ACTIVITY
Give all of the data again exactly as written, omitting every image.
--------------------------------
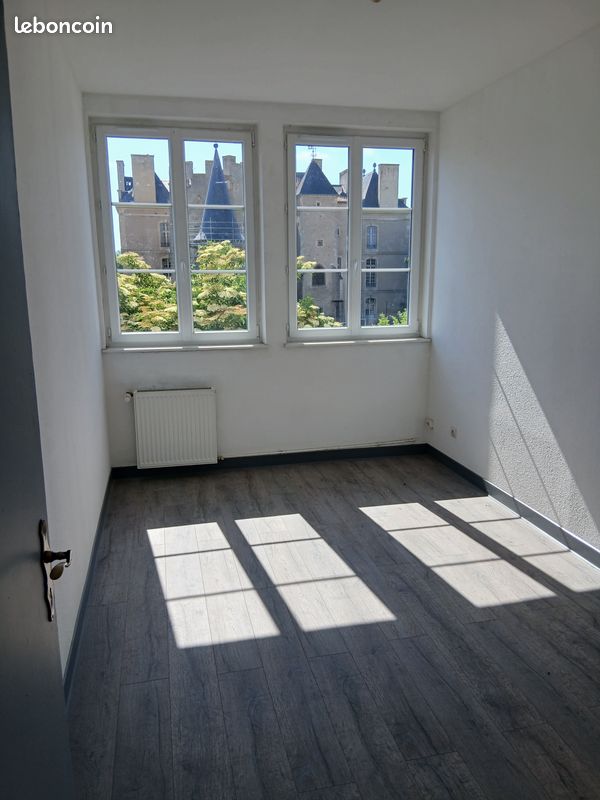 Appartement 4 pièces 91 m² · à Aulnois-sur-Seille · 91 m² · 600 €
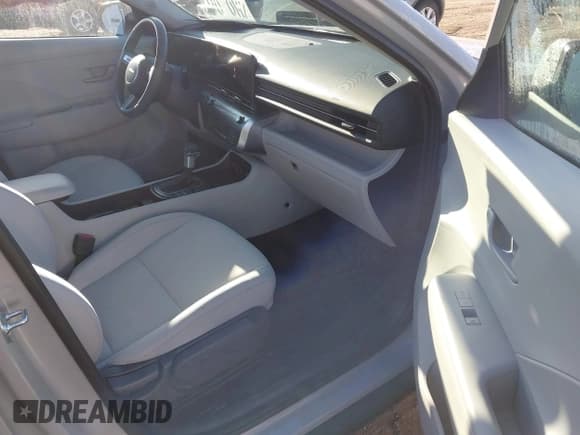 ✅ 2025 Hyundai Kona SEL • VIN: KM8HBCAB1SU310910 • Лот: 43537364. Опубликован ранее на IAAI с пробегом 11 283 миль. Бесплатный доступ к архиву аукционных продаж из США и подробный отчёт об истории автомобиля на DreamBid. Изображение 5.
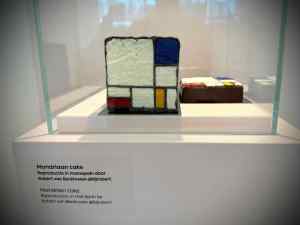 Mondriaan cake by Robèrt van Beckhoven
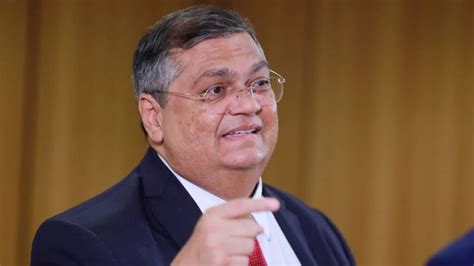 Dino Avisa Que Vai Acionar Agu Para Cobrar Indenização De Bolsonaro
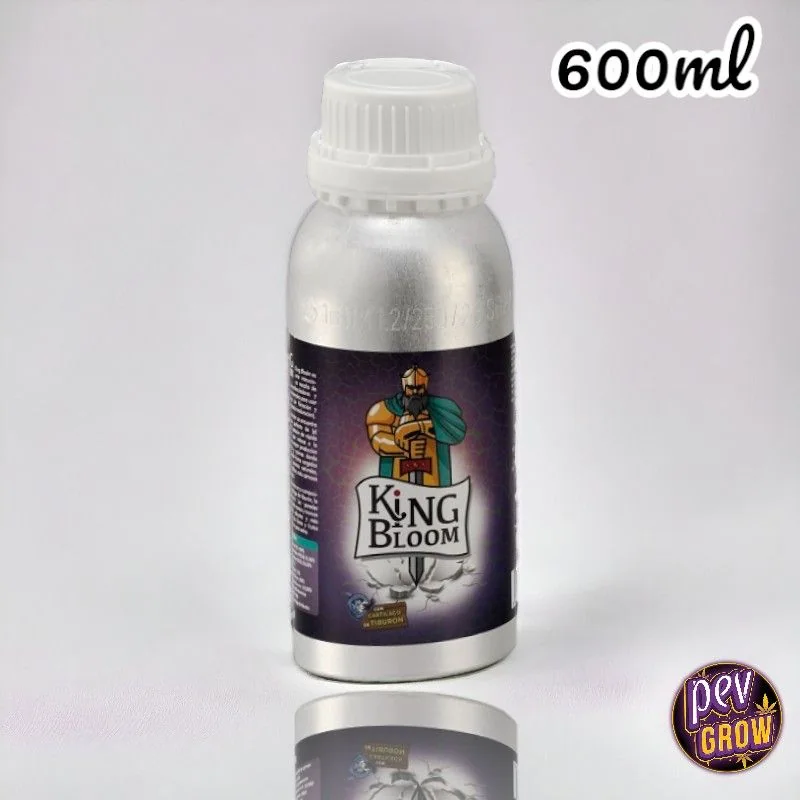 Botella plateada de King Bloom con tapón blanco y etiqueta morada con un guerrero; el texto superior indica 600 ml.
--------------------------------
EXERCISE RESPONSE
 Appartement 4 pièces 91 m² · à Aulnois-sur-Seille · 91 m² · 600 €
 ✅ 2025 Hyundai Kona SEL • VIN: KM8HBCAB1SU310910 • Лот: 43537364. Опубликован ранее на IAAI с пробегом 11 283 миль. Бесплатный доступ к архиву аукционных продаж из США и подробный отчёт об истории автомобиля на DreamBid. Изображение 5.
 Mondriaan cake by Robèrt van Beckhoven
 Dino Avisa Que Vai Acionar Agu Para Cobrar Indenização De Bolsonaro
 Botella plateada de King Bloom con tapón blanco y etiqueta morada con un guerrero; el texto superior indica 600 ml.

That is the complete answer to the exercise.